----- DATASET RECORDS -----
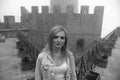 Woman close up portrait. wearing jeans jacket. Fortification on top of the mountain, old castle black and white. Mystical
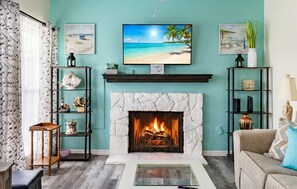 Smart TV, fireplace, books, offices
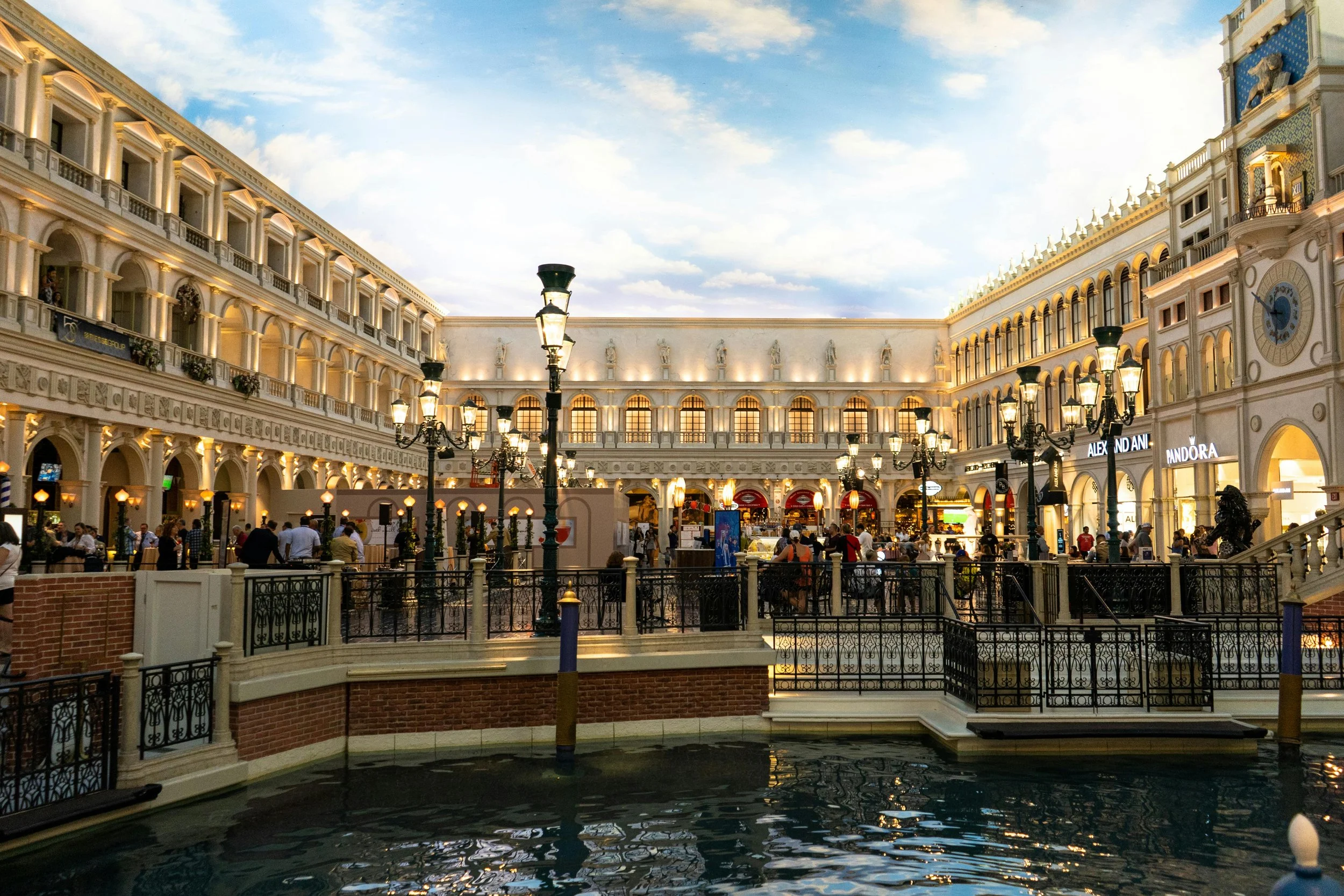 Indoor shopping mall with European-style architecture, decorative lamp posts, and a water feature in the foreground. Stores like Pandora are visible, and people are walking and shopping.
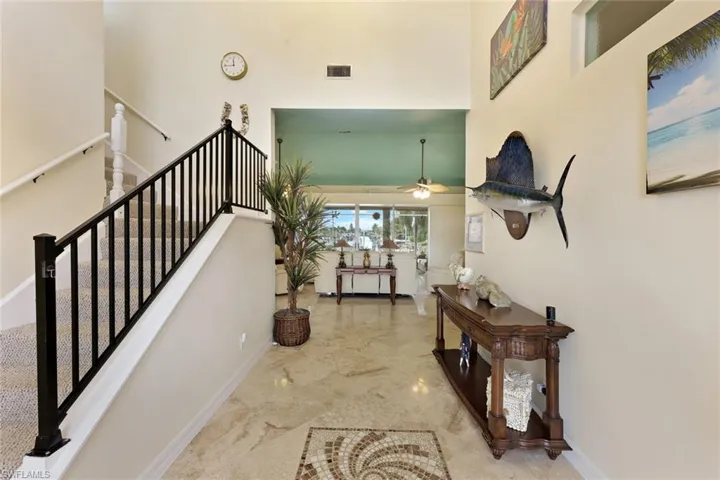 Two-story entryway with a wrought iron staircase, tile flooring, and a decorative mosaic inlay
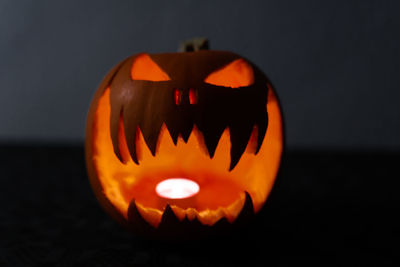 Close-up of illuminated pumpkin against black background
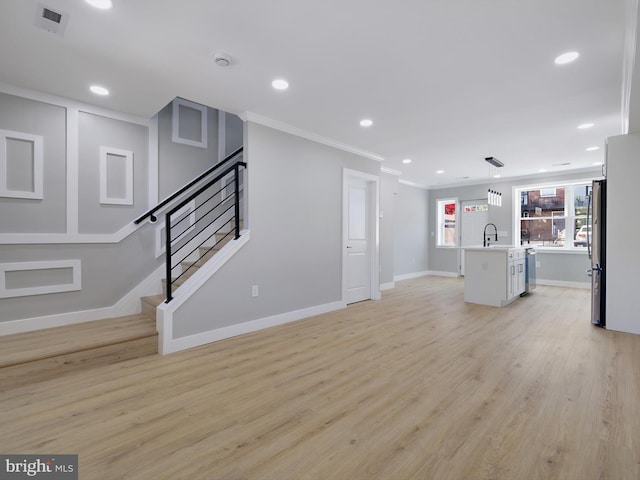 1759 Lyman Pl NE, Washington, DC 20002 - unfurnished living room with light wood finished floors, stairway, recessed lighting, and crown molding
-----
▸ **TASK GOAL**: Starting with the first line of the material above and ending with the line that holds "Indoor shopping mall", write out those lines exactly, without pictures.

▸ **RESULT BELOW**:
 Woman close up portrait. wearing jeans jacket. Fortification on top of the mountain, old castle black and white. Mystical
 Smart TV, fireplace, books, offices
 Indoor shopping mall with European-style architecture, decorative lamp posts, and a water feature in the foreground. Stores like Pandora are visible, and people are walking and shopping.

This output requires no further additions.